En effet, il existe deux types de gastronomie : l’une consiste à utiliser des ingrédients doux et sucrés pour produire un aliment agréable au palais (comme le Juste qui produit de la lumière) ; l’autre consiste à utiliser des aliments amers et piquants, voire acides, et les apprêter de manière à les rendre appétissants (tout comme le Bénoni réprime, jour après jour, les forces du mal et les brise dans leur élan). Et lorsque les forces du mal sont réprimées, ajoute le Zohar, l’honneur de D.ieu en est magnifié dans toutes les sphères.
Sortir d’Égypte, chaque jour
Cette nécessité de toujours se dépasser, de sortir constamment de sa zone de confort, trouve une expression privilégiée dans le thème de la sortie d’Égypte. Dans un sens allégorique, l’obligation quotidienne de rappeler la sortie d’Égypte rejoint parfaitement l’idée d’évoluer continuellement. En effet, il incombe à chaque Juif de sortir d’Égypte, chaque jour.
L’Égypte (dont l’étymologie, en hébreu, est synonyme de détresse ou exiguïté ou encore resserrement) est le symbole des habitudes et limitations (croyances et préjugés) que nous nous sommes forgées au fil du temps, et qui nous maintiennent dans une certaine paresse, voire inertie.

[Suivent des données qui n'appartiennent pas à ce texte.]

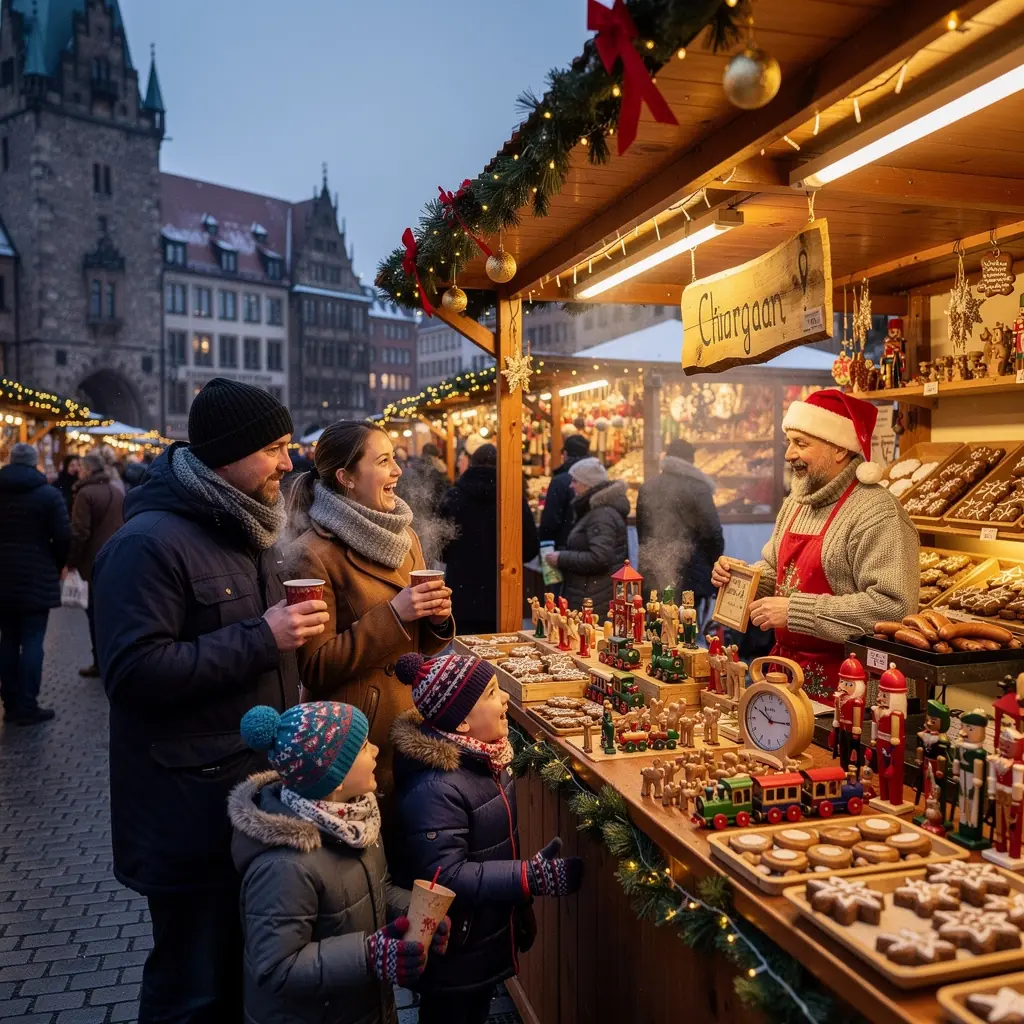 Ein lebhafter Markt in Deutschland mit bunten Ständen und frischen Lebensmitteln.
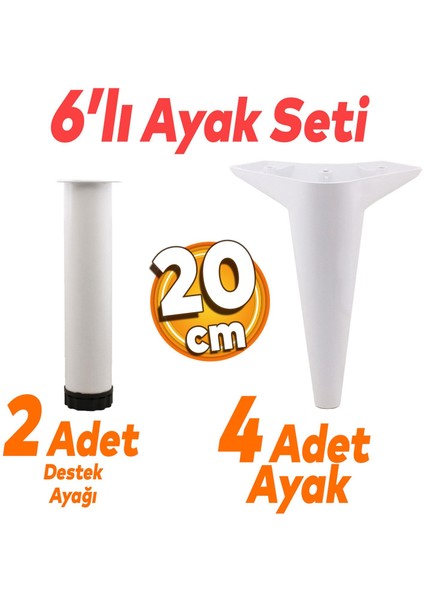 Aspen 6'lı Set Mobilya Tv Ünitesi Çekyat Koltuk Kanepe Baza Destek Ayağı Ayakları 20 Cm Ayak Beyaz
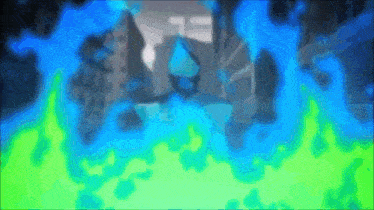 a computer generated image of a blue and green flame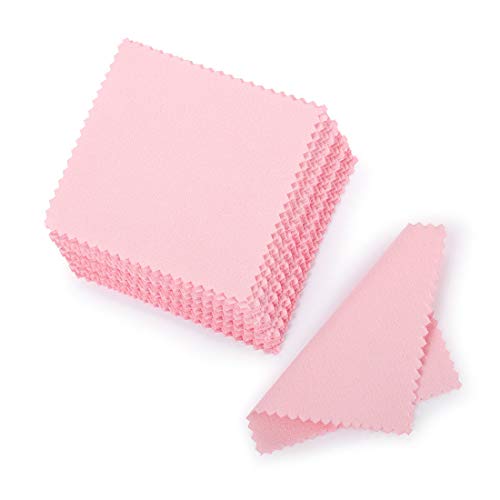 50pcs Pink Polishing Cloth for Gold & Silver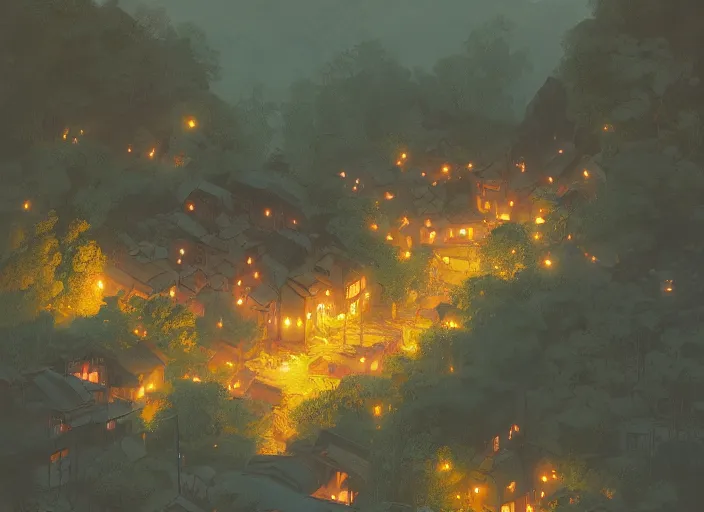 Image similar to concept art painting of a small woodland village at midnight, by a river in a mountain valley seen from above, night time, european japanese buildings, cel shaded, realistic, by makoto shinkai and moebius and anton fadeev and greg rutkowski and james gurney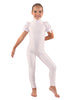 Solid Lycra Puff Sleeve Zipper Back Unitard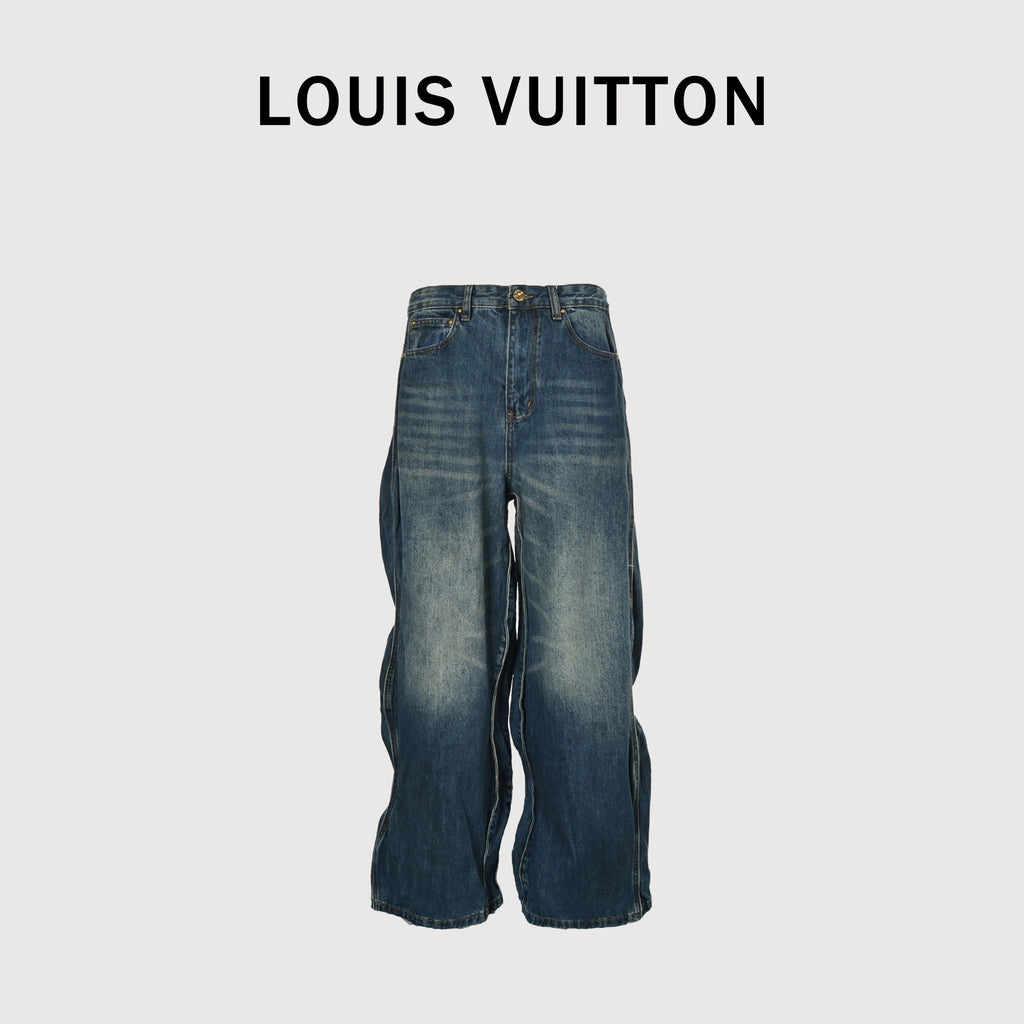 Louis Vuitton 25FW Wave-Stripe Washed Denim Jeans – Unisex  HH5201115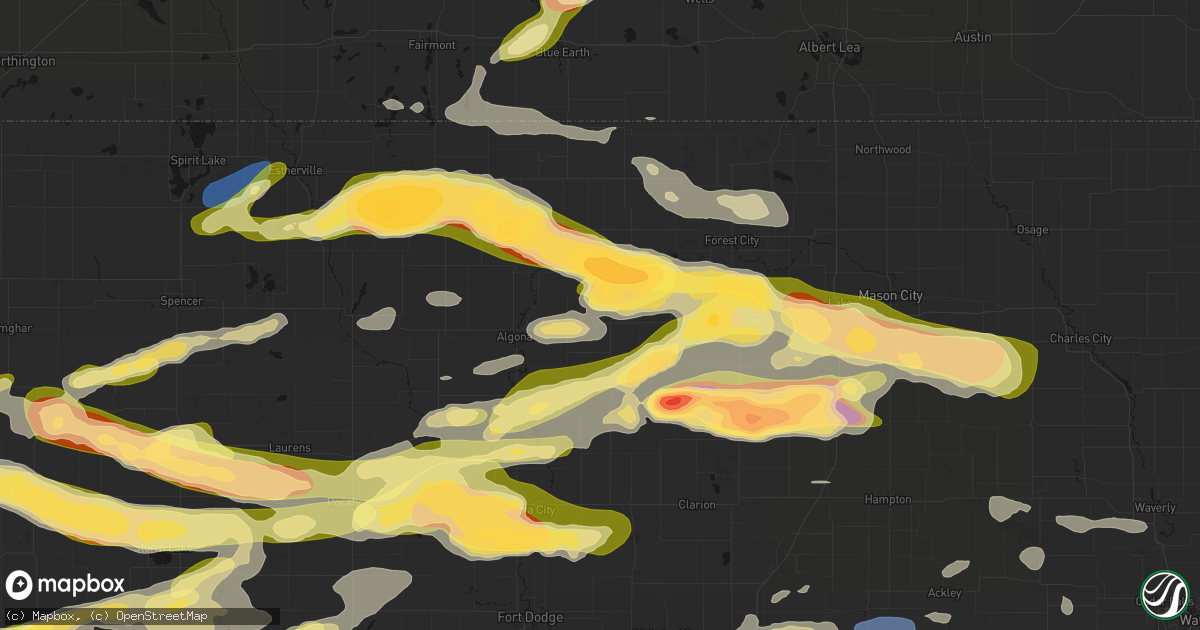 Hail map in Wesley, IA on May 15, 2026
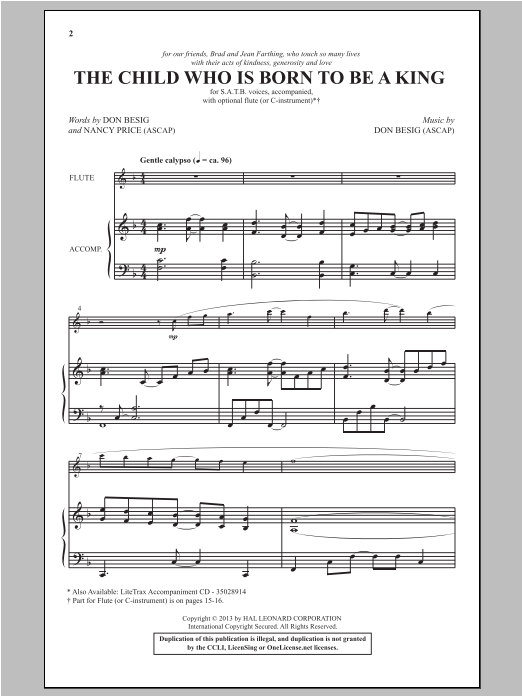 Don Besig The Child Who Is Born To Be A King Sheet Music Notes & Chords for SATB - Download or Print PDF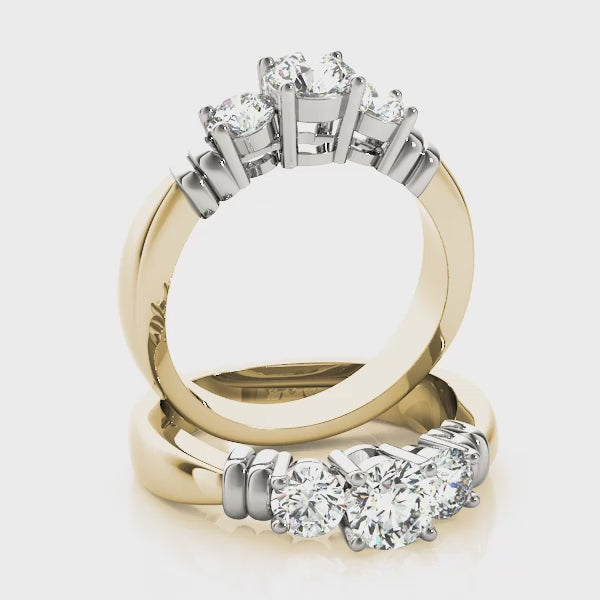 Engagement Rings 3 Stone Round - TN82579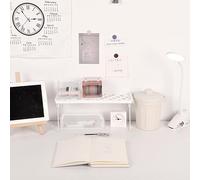 Biitfuu Étagère D'affichage de Bureau Strong PP Conception de Pliage en Métal Easy Style pour Le Bureau à Domicile Dormitorium Warehouse (Blanc Petit)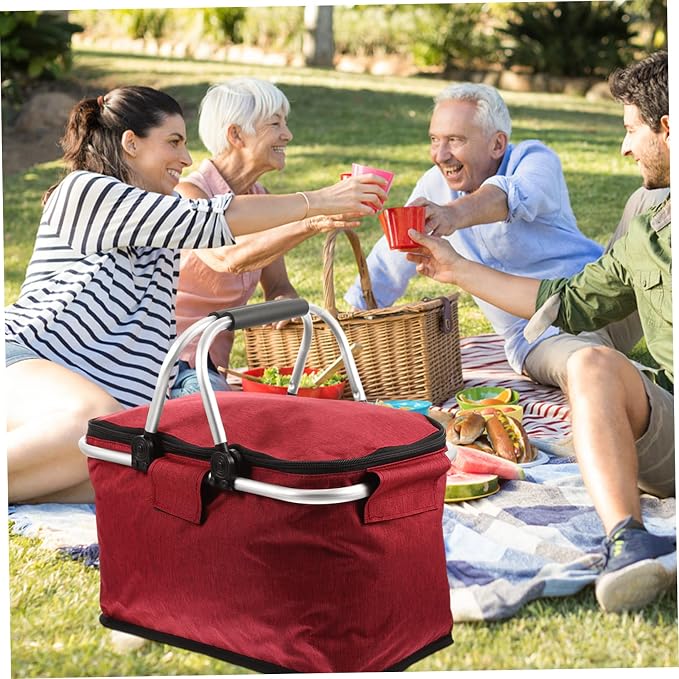 Portable Picnic Basket Handle Insulated Folding Tote Bag - Image 2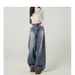 Vintage Blue High Street Loose Wide-leg Jeans Women's Trend Versatile American Design High Waist Hanging Scimitar Trousers_mkmklike.com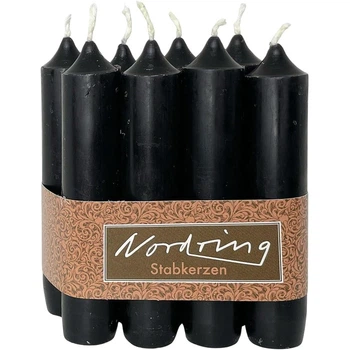 Набор из 8 конических свечей 2,2 x 11 см черного цвета Nordring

Il importe de s’en affranchir et de s’en débarrasser, autrement dit, de se dépasser.
À la lumière de ces explications, combien belles et significatives sont les paroles de nos Maîtres, qui affirment que les "sages ne connaissent de répit ni dans ce monde, ni dans le monde à venir". Car les Sages évoluent sans cesse, montent constamment d’un degré à l’autre, d’une sphère à l’autre. Dans cette optique, l’effort n’est plus un moyen mais une fin en soi, un véritable bonheur qui fait toute la différence entre les anges célestes, dont le culte est qualifié de statique et figé, et le peuple élu, dont le service, dynamique, est en permanent devenir.